Marie-Françoise-Thérèse Martin was born in Alençon, in France, on 2 January 1873. Her mother, who already had breast cancer, died when Thérèse was four, and the family moved to Lisieux. Thérèse became a nun at the Carmelite convent there at the age of 15, after a long battle against the superior, who insisted that 16, or even 21, would be a more sensible age. She died of tuberculosis at the age of 24. In 1895 Mother Agnès of Jesus, the prioress, had commanded Thérèse to write her memoirs. Writing “not to produce a literary work, but under obedience,” Thérèse took a year to fill six exercise books. She presented them to the prioress, who put them in a drawer unread. A year after Thérèse’s death, the memoirs were published in a small edition of 2,000: the first spark that ignited a “storm of glory” that swept the world. Miracles started to happen: conversions, cures, even apparitions. “We must lose no time in crowning the little saint with glory,” said the Prefect of the Congregation of Rites, “if we do not want the voice of the people to anticipate us.” The beatification process opened thirteen years after Thérèse’s death. She was canonized in 1925, the Pope having suspended the rule that forbids canonization less than 50 years after someone’s death. 100 years after Thérèse’s death, Pope John Paul II declared her a Doctor of the Church, joining St Catherine of Siena and St Teresa of Ávila.The Story of a Soul is still in print in most languages.

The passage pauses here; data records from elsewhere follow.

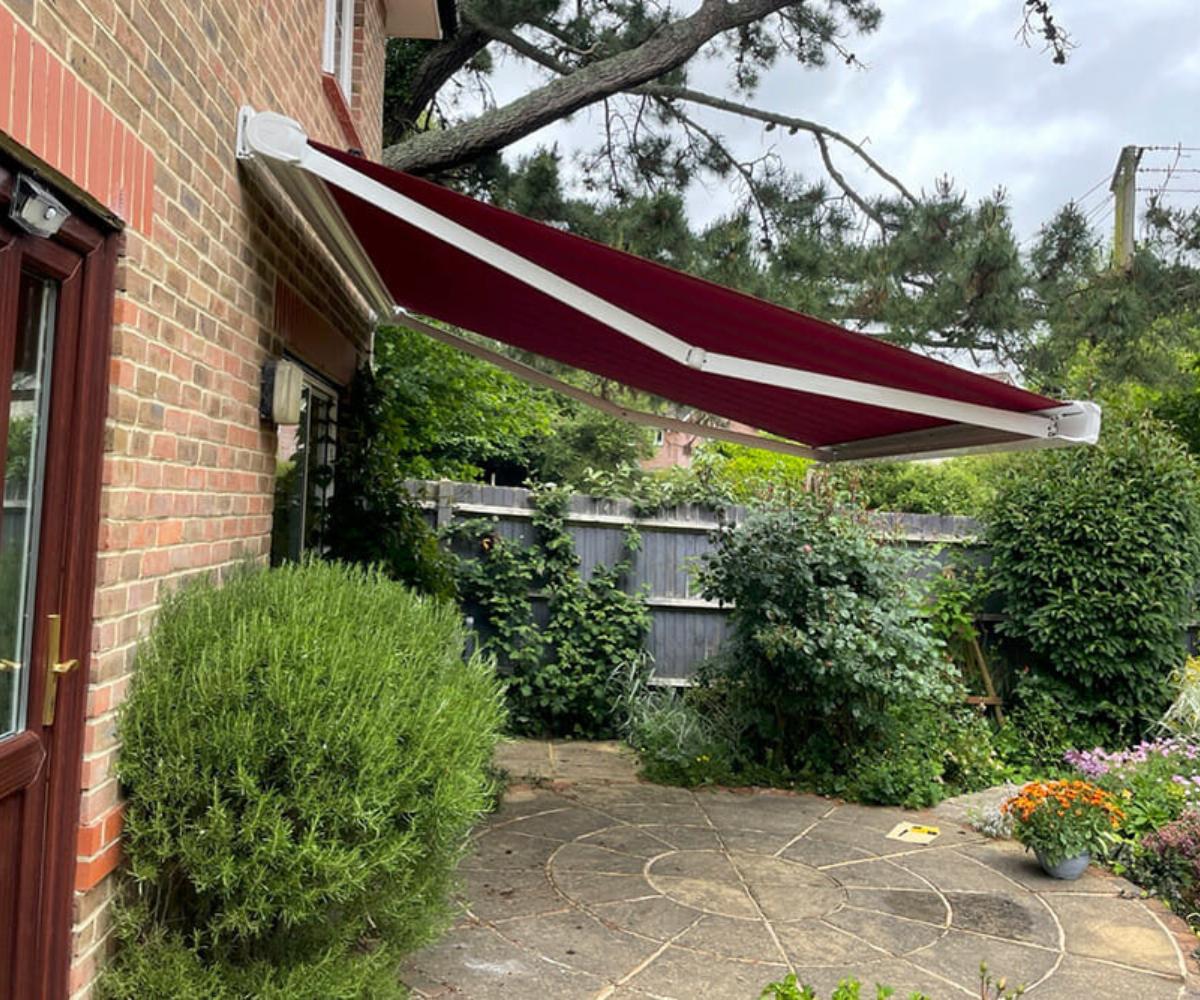 Garden rewilding – Side view of a red retractable awning above a patio in a leafy garden.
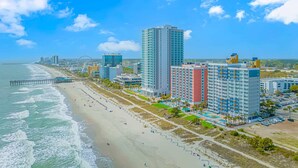 A coastal cityscape with a beach, high-rise buildings, and a pier. - Atlantica 1055 (Myrtle Beach)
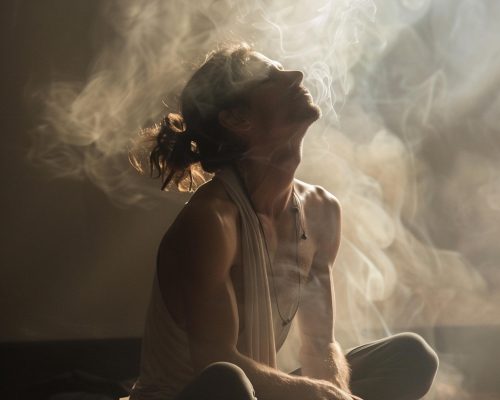 A person with long hair sits cross-legged in a dimly lit room in Oxfordshire, surrounded by swirling smoke, tilting their head back with eyes closed, appearing calm and contemplative—perhaps reflecting on their trauma recovery journey.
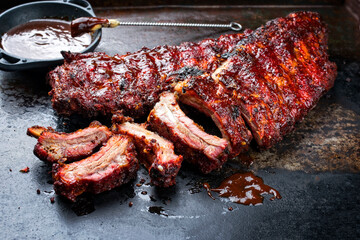 Barbecue pork spare loin ribs St Louis cut with hot honey chili marinade burnt as closeup on an old...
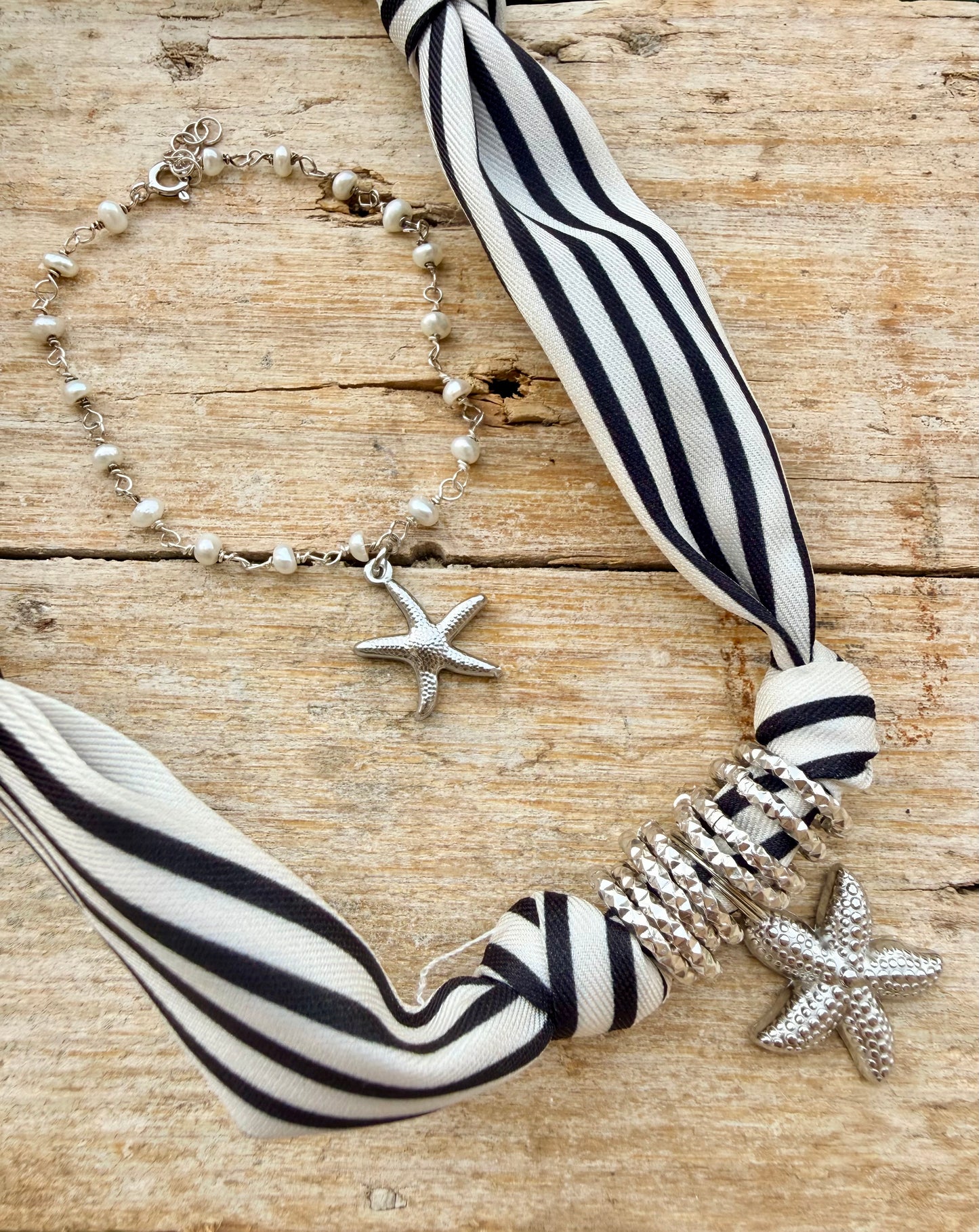 BRACCIALE PERLE E STELLA MARINA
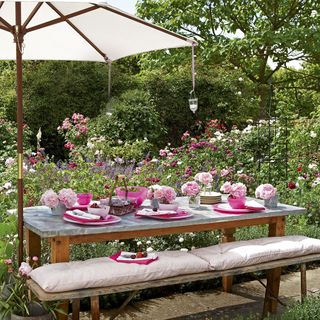 cottage garden with roses and dining table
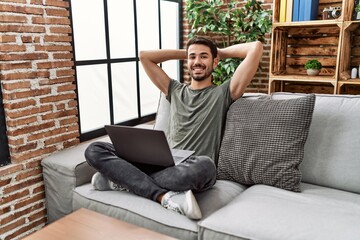 Canvas Print - Young hispanic man relaxed with hands on head using laptop at home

Thérèse’s “Little Way” means taking God at his word and letting his love for us wash away our sins and imperfections. When a priest told her that her falling asleep during prayer was due to a want of fervour and fidelity and she should be desolate over it, she wrote “I am not desolate. I remember that little children are just as pleasing to their parents when they are asleep as when they are awake.”We can’t all hug lepers or go off and become missionaries and martyrs. But we all do have daily opportunities of grace. Some of them may be too small to see, but the more we love God, the more we will see them. If we can’t advance to Heaven in giant strides, we can do it in tiny little steps. Our weakness is no excuse for mediocrity.
St Thomas More
St Thomas More (1477 – 1535)
He was born in London, the son of a judge, and himself became an eminent lawyer. He married twice, and had four children. He was a humanist and a reformer, and his book, Utopia, depicting a society regulated by the natural virtues, is still read today.Thomas More was a close friend of King Henry VIII. As a judge, he was famous for his incorruptibility and impartiality, and he was made Lord Chancellor – the highest legal position in England – in 1529.When Henry VIII demanded a divorce from Catherine of Aragon, Thomas More opposed him. He resigned the chancellorship in 1532 and retired from public life; but he could not retire from his reputation, and so it was demanded that he take an oath to support the Act of Succession, which effectively repudiated papal religious authority. He refused, and was imprisoned in the Tower of London. After the execution of John Fisher, he was tried on the charge of high treason for denying the King’s supreme headship of the Church, found guilty, and sentenced to death. He went to his execution, on 6 July 1535, with a clear conscience and a light heart; he told the spectators that he was still “the king’s good servant – but God’s first,” and carefully adjusted his beard before he was beheaded.He wrote a number of devotional works, some of the best of them while in prison awaiting trial. He fought his fight without acrimony, telling his judges that he wished that “we may yet hereafter in Heaven merrily all meet together to everlasting salvation.”
St Hugh of Lincoln
St Hugh of Lincoln (1140 – 1200)
He was born near Grenoble in France and entered the Carthusian monastery of La Grande Chartreuse at the age of 25. In 1175 he was asked by King Henry II of England to become prior of a Carthusian house in England, and a decade later he was appointed bishop of Lincoln, a post which he accepted only when directly commanded to do so by the prior of La Grande Chartreuse. His diocese was the largest in England, and he spent the rest of his life in ceaseless work there. He delegated much authority. He was a friend (and critic) of successive kings, but also worked with his own hands on the extension of his cathedral. He gained a great reputation for justice, the care of the sick, and the support of the oppressed: he risked his life to help the Jewish community. He died in London on 16 November 1200 and was declared a saint in 1220, the first Carthusian to be canonized.